Take quantum computing. It’s a field that’s already drawing billions of dollars in support from tech investors and industry heavyweights including IBM, Google, and Microsoft. But if the tiniest vibrations creep in from the outside world, they can cause a quantum system to lose information.

For instance, even light can cause information leaks if it has enough energy to jiggle the atoms within a quantum processor chip.

The Problem of Vibrations

“Everyone is really excited about building quantum computers to answer really hard and important questions,” said Joe Kitzman, a doctoral student at Michigan State University. “But vibrational excitations can really mess up a quantum processor.”

However, with new research published in the journal Nature Communications, Kitzman and his colleagues are showing that these vibrations need not be a hindrance. In fact, they could benefit quantum technology.

“If we can understand how the vibrations couple with our system, we can use that as a resource and a tool for creating and stabilizing some types of quantum states,” Kitzman said.

Benefits to Quantum Technology

What that means is that researchers can use these results to help mitigate information lost by quantum bits, or qubits (pronounced “q bits”).

Conventional computers rely on clear-cut binary logic.
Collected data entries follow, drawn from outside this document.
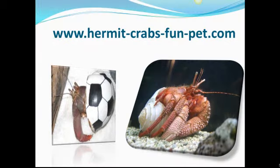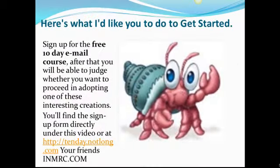Please be sure to visit our site. Here's what I would like you to do to get started: sign up for the free 10-day email course. After that, you will be able to judge whether you want to proceed in adopting one of these interesting creations. You will find the sign-up form directly under this video.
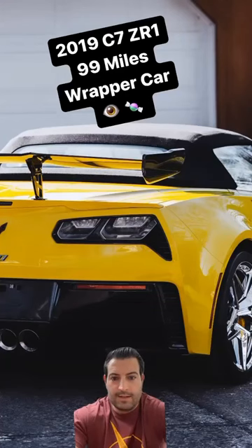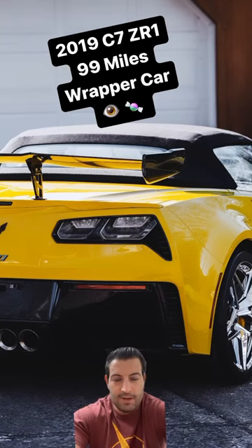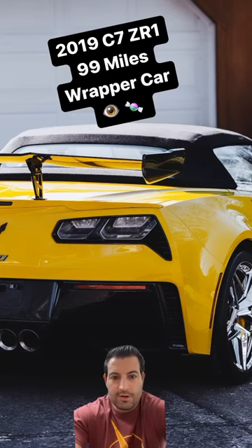Featured today on our 2019 C7 ZR1 convertible — this particular car is equipped with the ZTK package, chrome wheels, competition sport seats, yellow stitching, yellow calipers, and J color. Just an unbelievable spec: $150,000 MSRP and change, over $25,000 in factory options, which is one of, if not the most, we've had to date. Just a gorgeous car — love the spec.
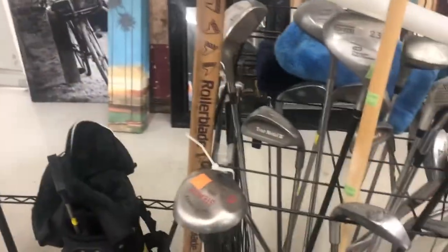Typical guy looking for golf clubs. Set of Pings, set of TaylorMades, Callaways.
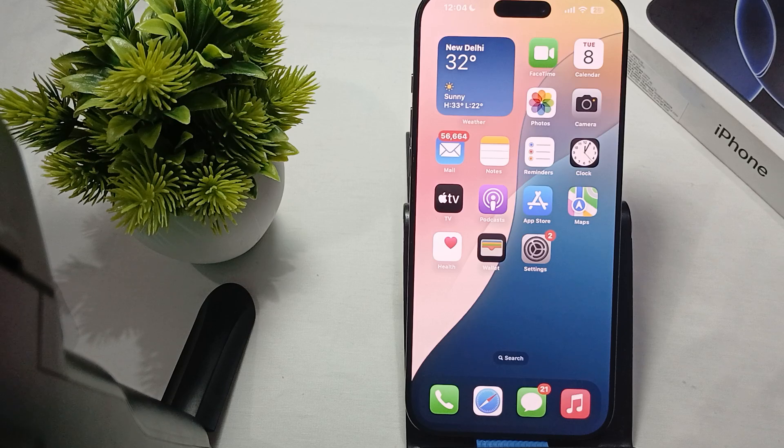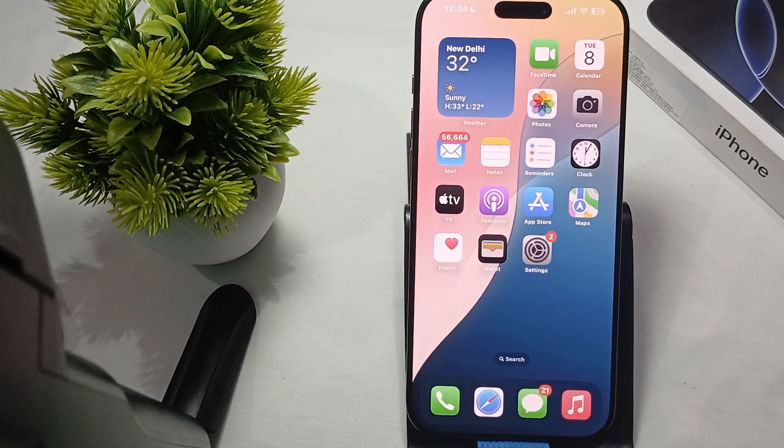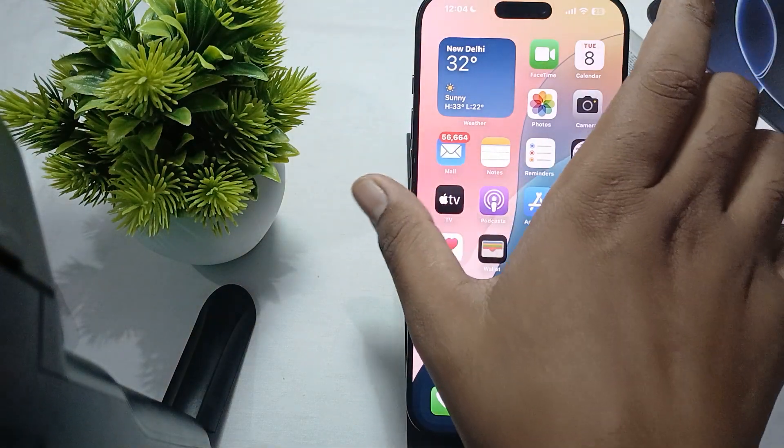First of all, you can check your charging accessories. Inspect your charger cable and your charging adapter for any signs of damage, and ensure both are compatible with the iPhone and functional. Test them directly if possible.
Bits encode information by taking on one of two distinct possible states, often denoted as zero or one. Qubits, however, are more flexible and can exist in states that are simultaneously both zero and one.

Although that may sound like cheating, it’s well within the rules of quantum mechanics. Still, this feature should give quantum computers valuable advantages over conventional computers for certain problems in a variety of areas, including science, finance, and cybersecurity.

Further Implications and Experiments

Beyond its implications for quantum technology, the MSU-led team’s report also helps set the stage for future experiments to better explore quantum systems in general.

“Ideally, you want to separate your system from the environment, but the environment is always there,” said Johannes Pollanen, the Jerry Cowen Endowed Chair of Physics in the MSU Department of Physics and Astronomy. “It’s almost like junk you don’t want to deal with, but you can learn all kinds of cool stuff about the quantum world when you do.”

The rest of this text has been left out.